You didn’t efficiently generate power. So of course the shortest distance between two points is a straight line. And so like any sort of negative energy, like in your son’s case where you know he’s, he’s actually doing he’s dipping the ball behind his. It’s going to look a little bit funky because in reality it’s not the most efficient way to generate power, but it’s the way that his body has solved the problem to date, and, and what you said is what I would encourage every coach and every parent of a youth basketball player do, is do not teach form to youth players.
Do not do form shots with youth players. Don’t go do one handed shots with youth players. The only goal for a youth player is can they generate power on the basketball? That’s the biggest obstacle because what, a lot of times what we do, and don’t worry, we’re going to talk about the myth a lot of times, but these myths are all related to this.
We build the myths because we want a shot that looks traditional and goes in, starting in close to the basket. that’s the least valuable shot in the game of basketball. is shooting from three to five feet away from the rim. Okay. That’s the least the most valuable. Go ahead coach.
[00:14:38] Mike Klinzing: No you’re right. You’re a hundred percent right.

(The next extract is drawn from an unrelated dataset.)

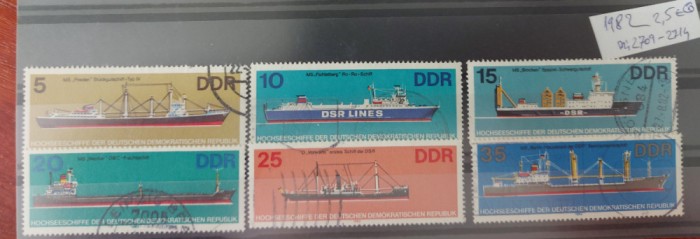 TS21 - Timbre serie DDR 1982 Mi 2709-14 Vapoare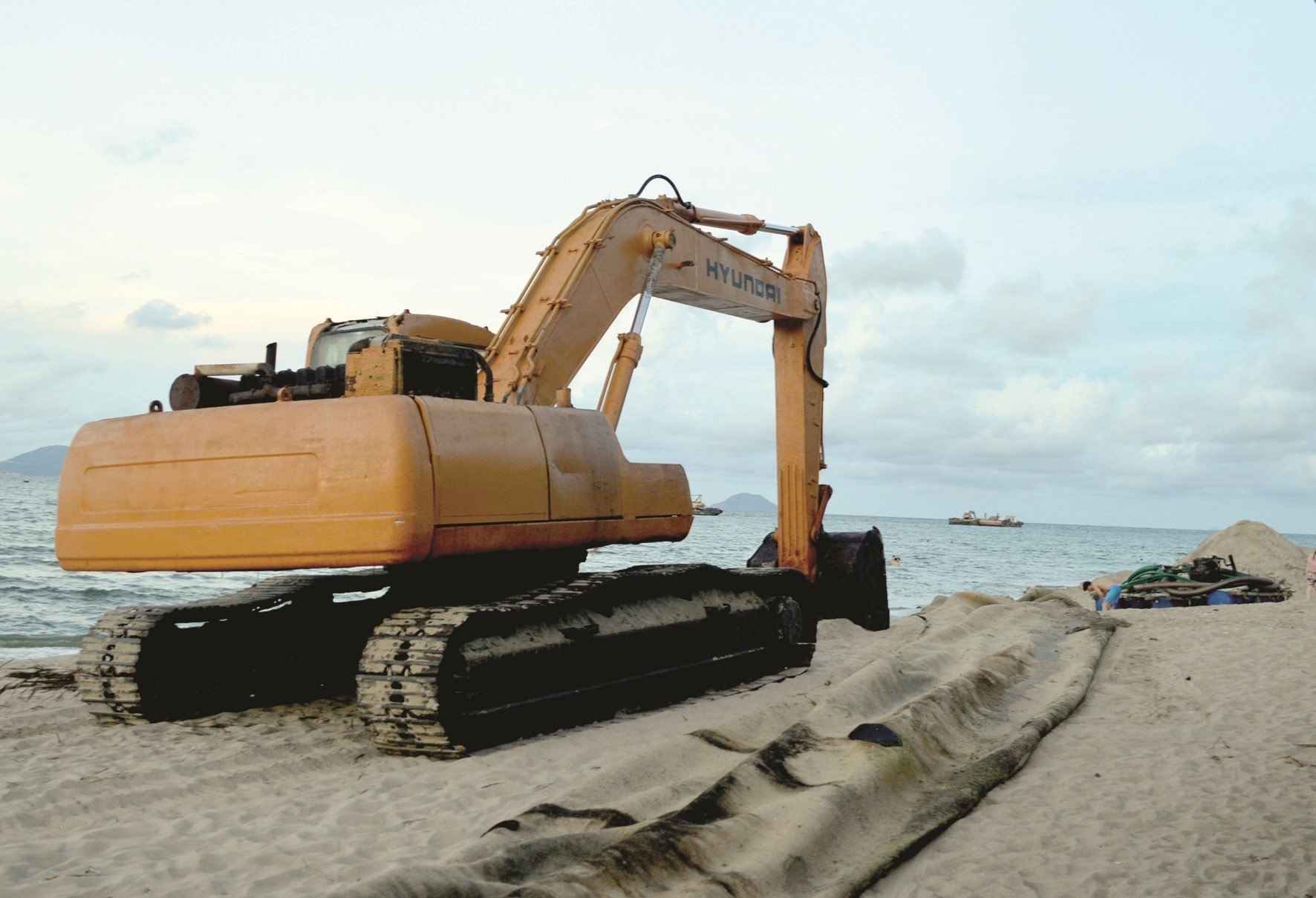 Submerged breakwater in Hoi An sea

[00:14:39] Tyler Coston: Yeah. So why are we training that? I try to do as little as possible close to the rim. I think shooting close to the rim is an absolute waste because what we do at these young players is, okay, get your elbow under the basketball, get your hand placement. Just so get your feet just so right. Get, get the ball to a platter or a higher, a higher set point or pocket, whatever you want to call it.
All we’re doing is stealing their power, and they think that the goal of shooting is to have a shot that looks pretty or looks traditional. And so that’s what they focus on. And so their body finds all these other inefficient ways to generate power. Leaning back, piping your legs, twisting the body, two hands on the ball, whatever.
Because we’ve handicapped them with form, we’ve handicapped them to make them think that freezing your finish is the goal of a shot. Nah, freezing your finish isn’t the goal of a shot. Generating power on a straight line is the goal of your shot. And then once you get these reps like your son is building now, cuz based on your story is your son needs a lot more reps before he really even has enough knowledge of his body in his shot before we could even make tweaks.
Like, I mean that’s the biggest difference I found in working with high school players and pros. Like a pro knows their shot so well that you give them feedback and they can implement immediately. A high school player, and you found this with yourself, high school player, you give them feedback and they can’t do it.
You’re saying the same thing to ’em. Like, I hate training players that don’t know their shot. Cause all I do is say the same thing to ’em for an hour straight while chasing their rebounds. Like they just need, they need the reps, they can’t even implement yet. And I think that is a product of form being elevated over function.
[00:16:20] Mike Klinzing: Yeah, that makes a lot of sense. I think it’s, when you look at how you traditionally see a coach in a gym, whether it’s working with somebody one on one as a trainer or whether you’re looking at coaches, they’re always constantly talking about, Hey, I have to have form and I’ve have to make sure that my player is shooting the ball correctly.
And you look at, it’s interesting because I think you could go back in time, right? And the way that players shoot today, there’s many, many more players today who shoot again sort of that traditional textbook style of shooting. Not that there still aren’t variations, cuz there certainly are. But you go back and you look at the history of the game, you think about guys that had different types of shots.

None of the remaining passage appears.